Information:
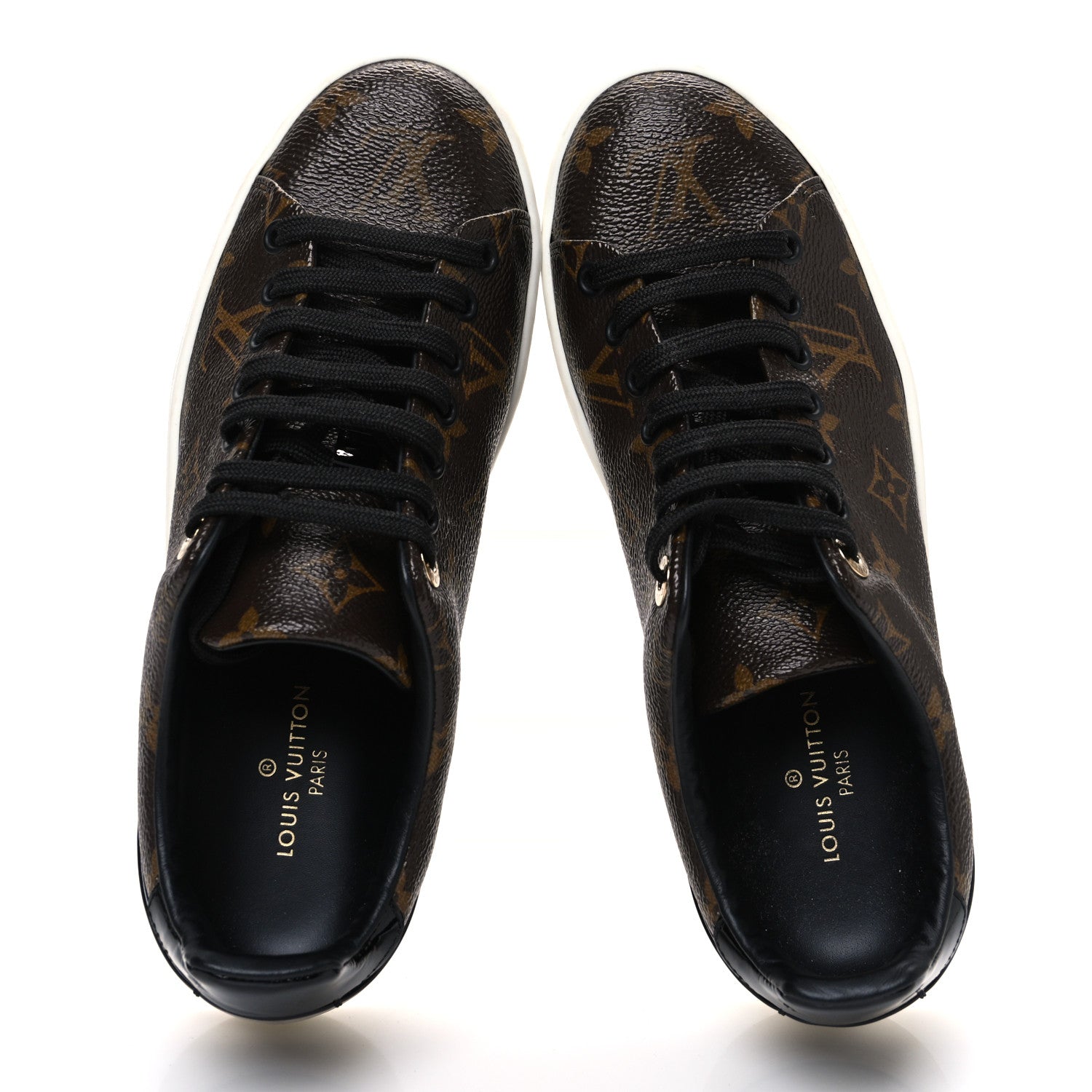Louis Vuitton Patent Monogram Frontrow Sneakers 37 2 of 14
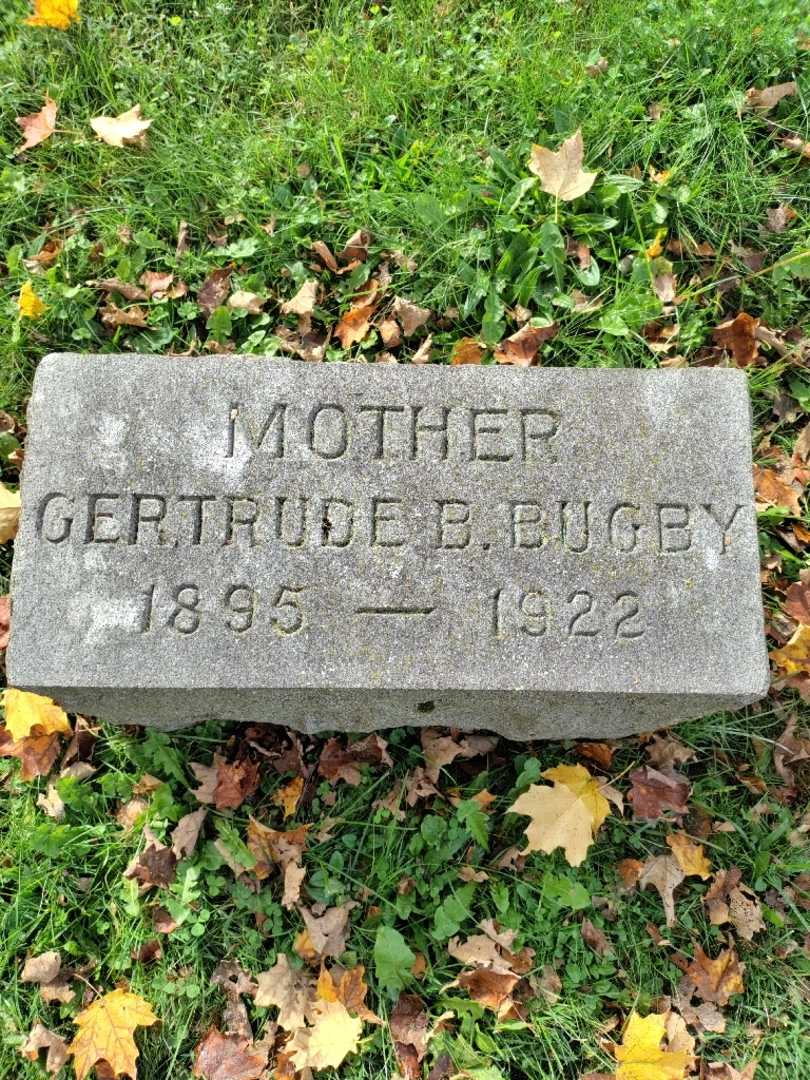 Gertrude B. Bugby's grave. Photo 3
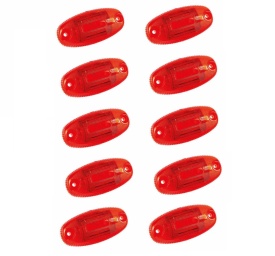 Set 10 lampi gabarit, LED, rosu, 12-24V, FT-068 C Fristom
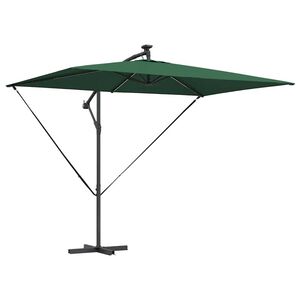 vidaXL Kantilever bananparasol grønn 294 x 200 x 254 cm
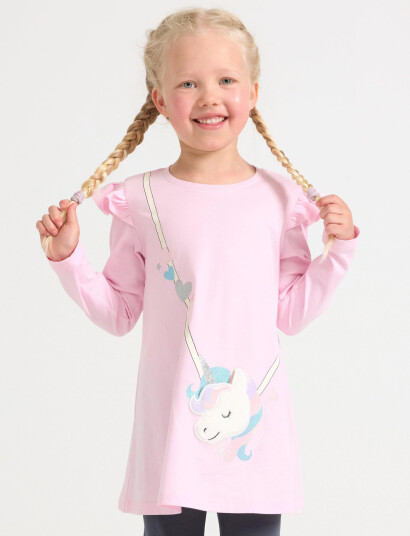 Lindex Top Long Unicorn Bag Detail Pink 92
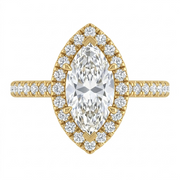 2.72 CT Marquise Cut Multi-Shape 925 Sterling Silver Ring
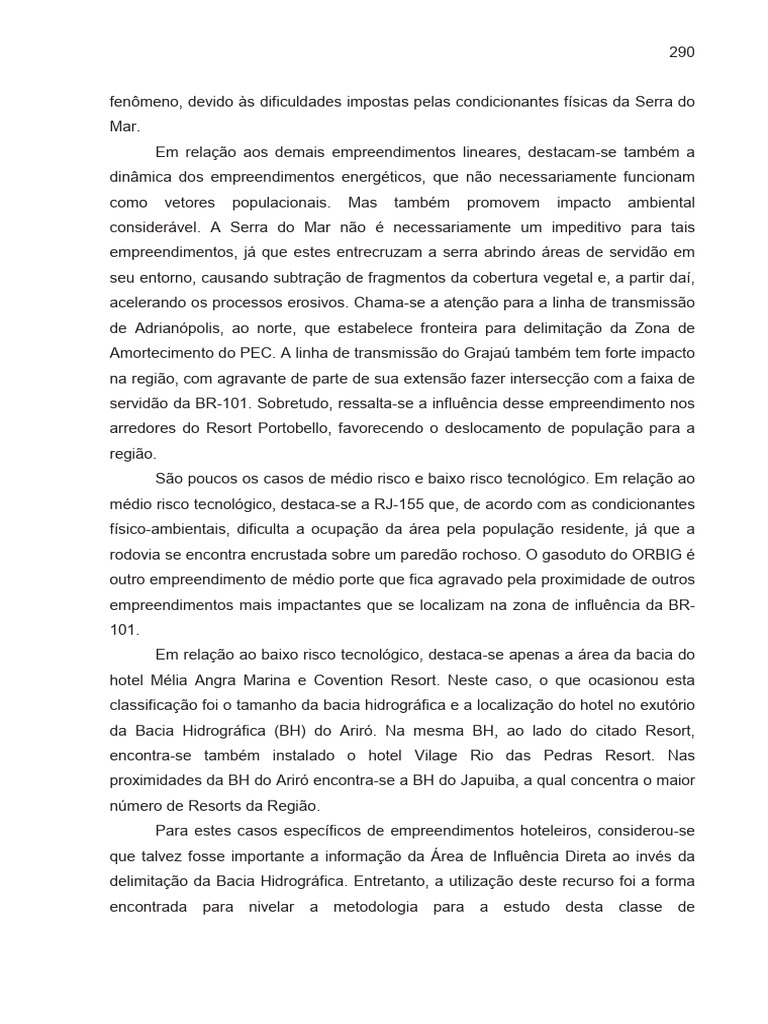 Risco Ambiental na Serra do Mar: Análise | PDF | Ambiente natural ...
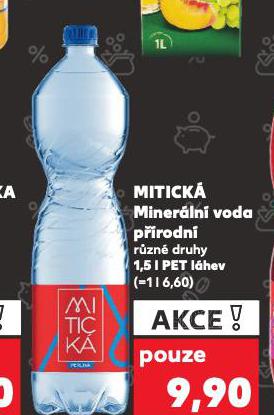 MITICK MINERLN VODA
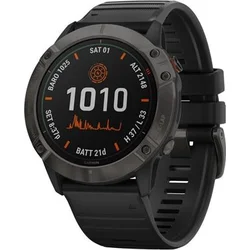 Garmin fenix6X PRE Solar, TitaniumGrayDLC/Black Band (MAP/Music) 010-02157-21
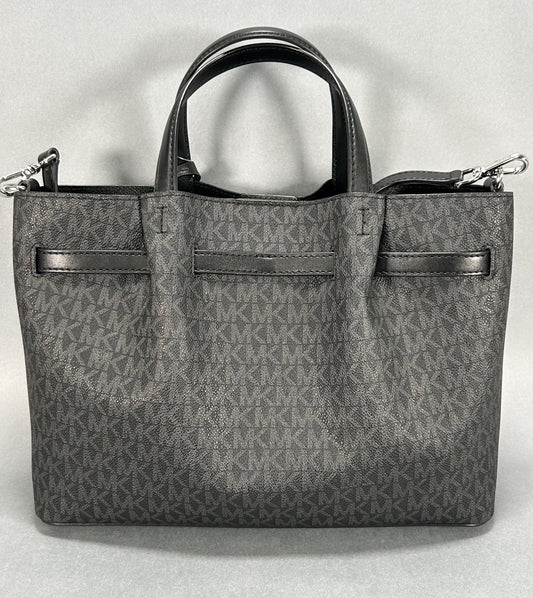 Michael Kors Carson Large Signature Logo Tote Bag - Black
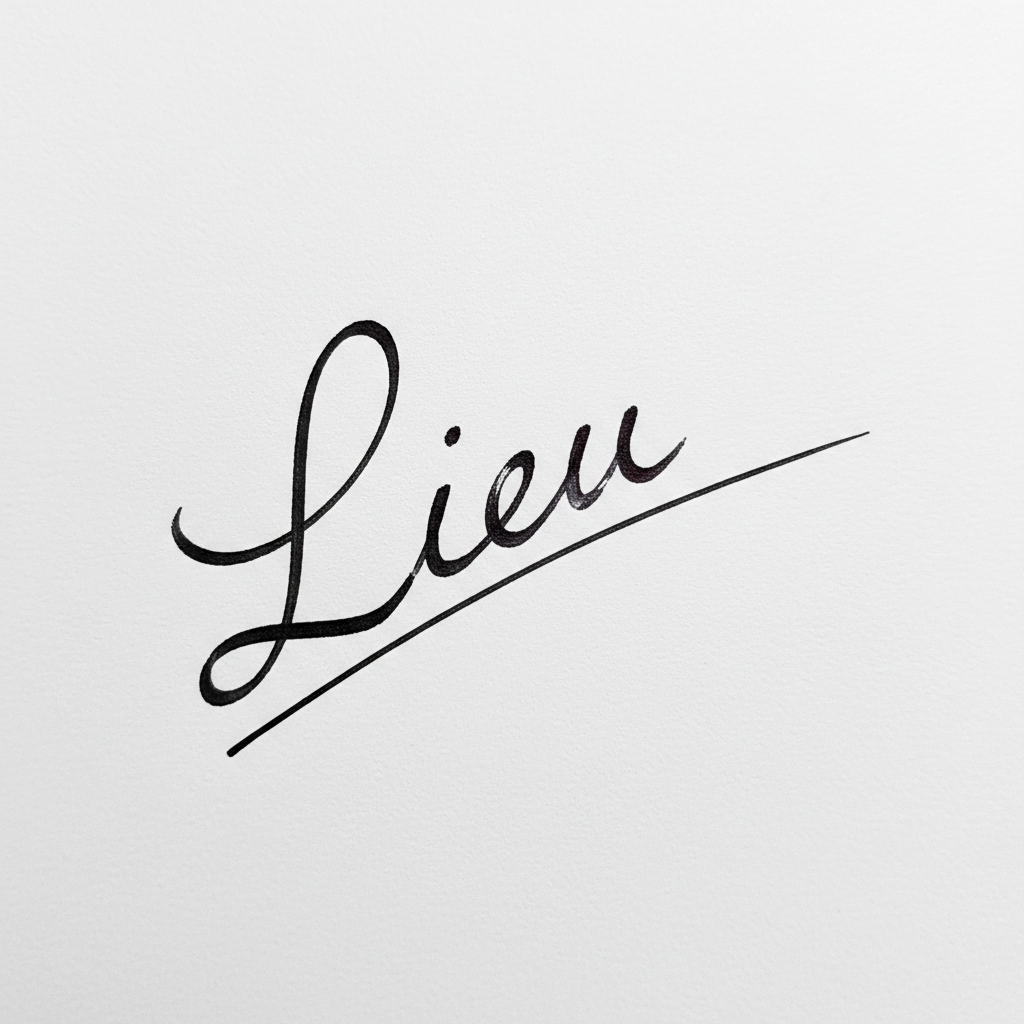 Chữ Ký Đẹp Tên Liễu: Khẳng Định Cá Tính, Thu Hút May Mắn Mẫu chữ ký tên Liễu số 5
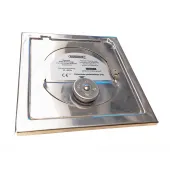 Chimney draft limiter W3 made of acid-proof steel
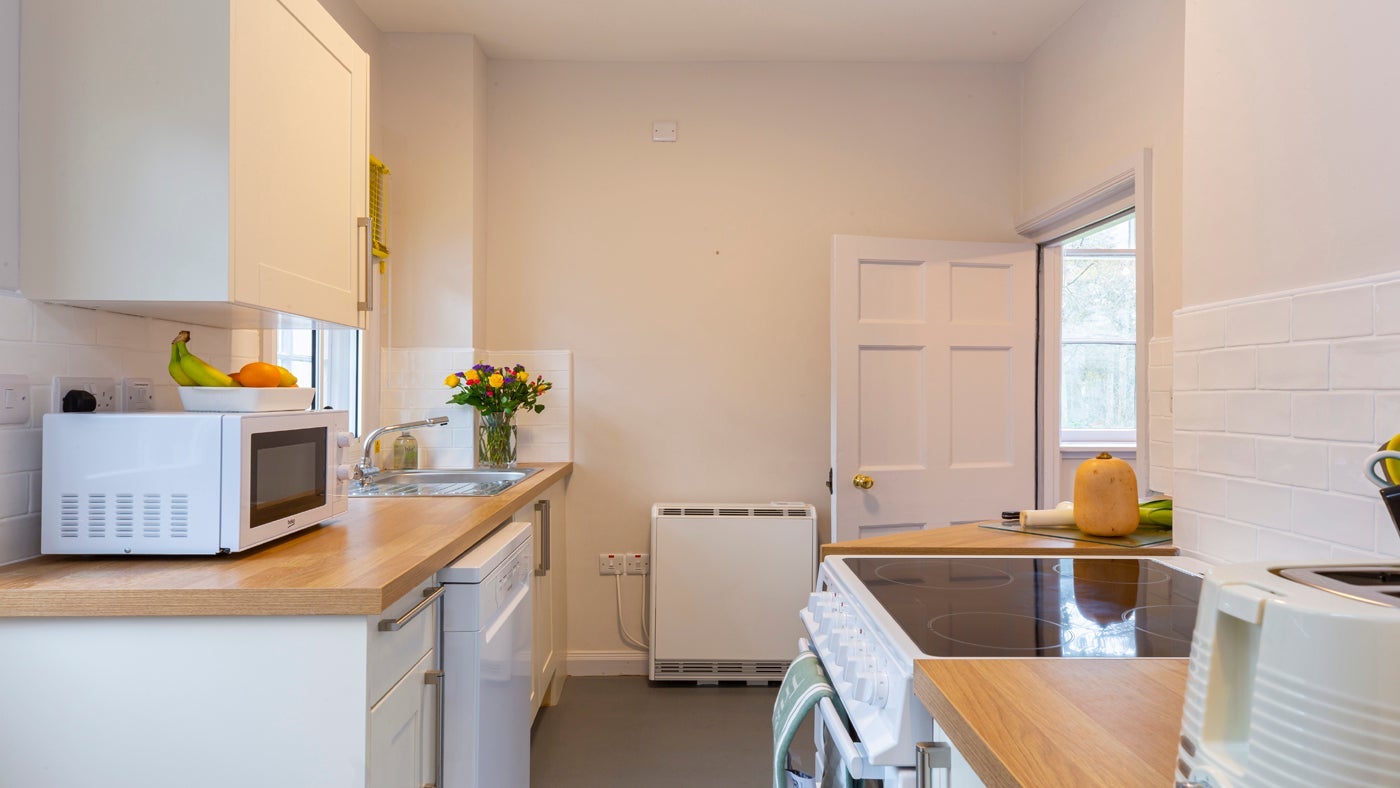 The spacious kitchen at 2 Lichfield Lodge, Staffordshire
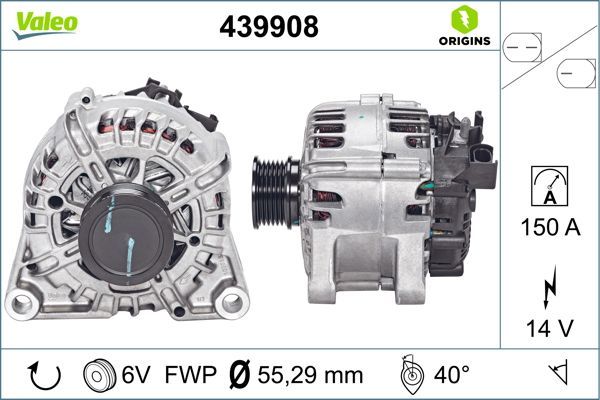 439908 VALEO Генератор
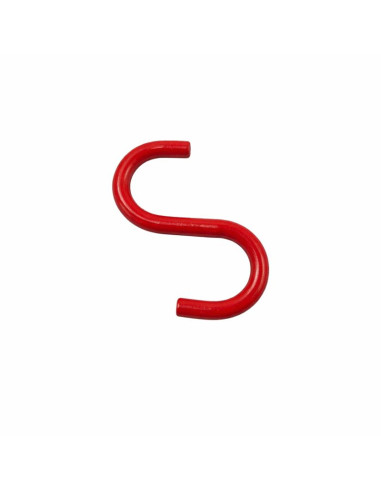 1 x Krog S til surring 750 kg rødt stål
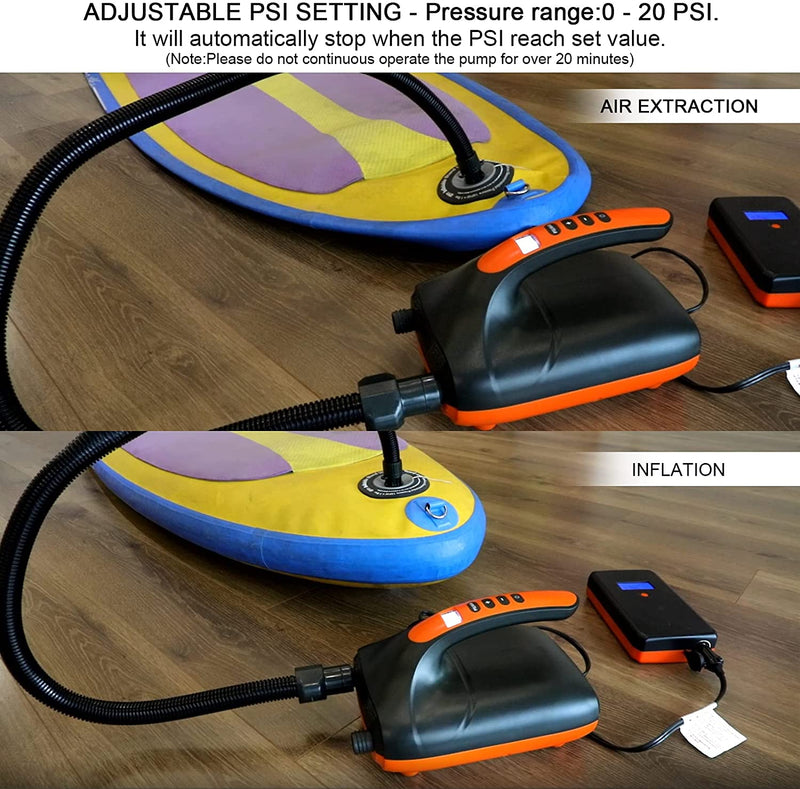 PRYDE SUP Electric Air Pump Battery Adapter-Plaia Shop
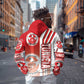 Tunisia Soccer Zip Hoodie Eagles of Carthage Football - Road To Champion
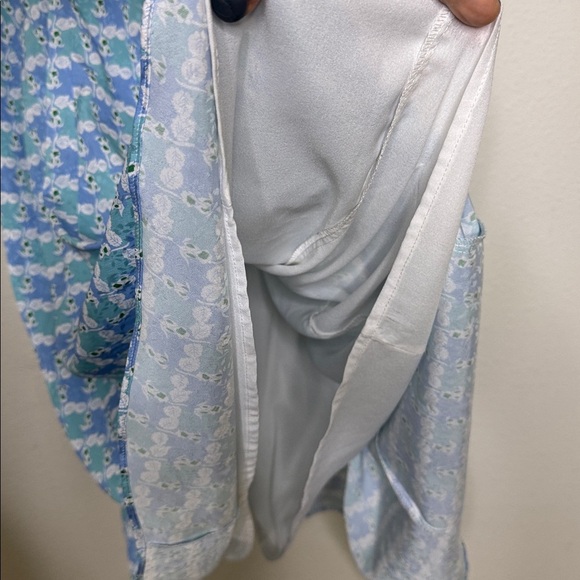 English Factory Endless Rose Blue and White Floral Midi Dress Size Large - Picture 4 of 10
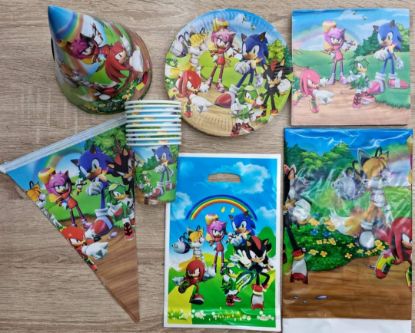 Picture of Sonic birthday party items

Your goal: Only the lines from the one with "2.72 CT Marquise" through the last line of the records above are wanted, copied exactly and with pictures omitted.

Result of this exercise:
 2.72 CT Marquise Cut Multi-Shape 925 Sterling Silver Ring
 Risco Ambiental na Serra do Mar: Análise | PDF | Ambiente natural ...
 MITICK MINERLN VODA
 Garmin fenix6X PRE Solar, TitaniumGrayDLC/Black Band (MAP/Music) 010-02157-21
 Michael Kors Carson Large Signature Logo Tote Bag - Black
 Chữ Ký Đẹp Tên Liễu: Khẳng Định Cá Tính, Thu Hút May Mắn Mẫu chữ ký tên Liễu số 5
 Chimney draft limiter W3 made of acid-proof steel
 The spacious kitchen at 2 Lichfield Lodge, Staffordshire
 439908 VALEO Генератор
 1 x Krog S til surring 750 kg rødt stål
 PRYDE SUP Electric Air Pump Battery Adapter-Plaia Shop
 Tunisia Soccer Zip Hoodie Eagles of Carthage Football - Road To Champion
 English Factory Endless Rose Blue and White Floral Midi Dress Size Large - Picture 4 of 10
 Picture of Sonic birthday party items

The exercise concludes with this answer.